Required work: How many lines in the data that follows contain the word "Bedrooms"? Only that number is needed.

Information provided:
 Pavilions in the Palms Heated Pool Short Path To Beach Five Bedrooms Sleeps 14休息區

...

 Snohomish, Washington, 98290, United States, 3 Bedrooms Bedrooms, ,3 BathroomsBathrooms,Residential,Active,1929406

...

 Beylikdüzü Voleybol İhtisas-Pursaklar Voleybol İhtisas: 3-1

Solution to this problem: 2